Robert Crowther, a spokesman for the Science and Culture Center of the Discovery Institute, which supports intelligent design, said that the bill “seems like sort of a draconian measure.” Crowther passed the bill off as a reach for publicity with the University of Wisconsin’s Darwin Day coming up this weekend. “They’re kind of creating a problem so they can put forth this solution they have when there really isn’t a problem,” Crowther said.

Michael Cox, a Wisconsin professor of biochemistry whom Berceau consulted on the bill, said that most faculty members hadn’t even heard of intelligent design until the Grantsburg situation hit the local papers. Now, he said, even though the bill is unlikely to pass, it’s a good way to have legislators start talking about the issue. “I think the discussion itself is extremely important,” Cox said. Berceau’s office is already receiving more calls than ever before, according to a staff member.

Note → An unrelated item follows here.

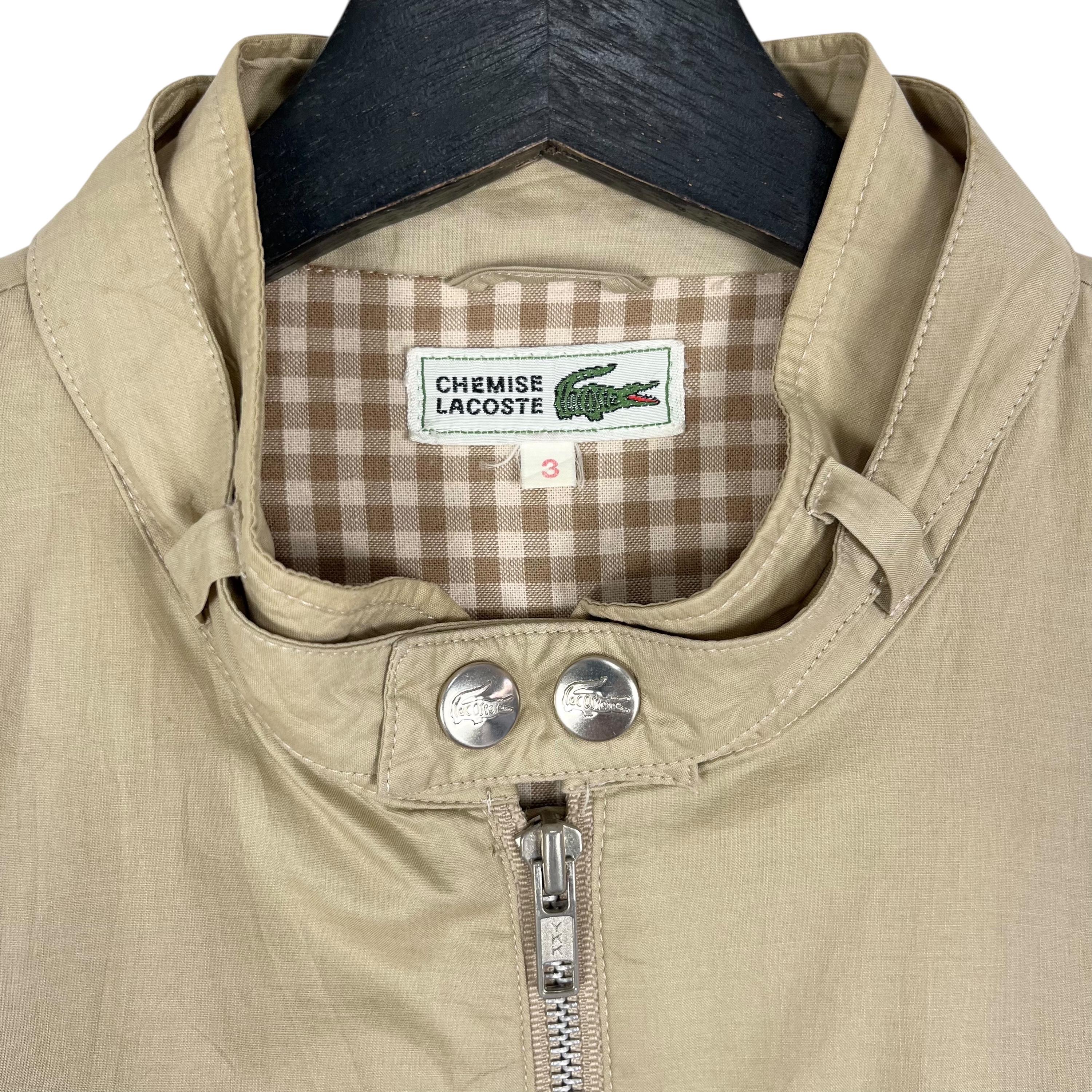 80年代初期 フレラコ ロングスリーブ ベージュ サイズ6 LACOSTE 70s 80s ラコステ フランス製 鹿の子 ポロシャツ イエロー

Berceau added that it’s important for Wisconsin to project a science-friendly image. “The governor … is trying to develop our state as a center for biotech,” she said, adding that a 2000 Fordham Foundation report gave Wisconsin zero of three possible points for evolution instruction in classrooms. “We don’t want to become Kansas,” Berceau said. “Biotech companies are coming to Wisconsin -- not Kansas -- for a reason.”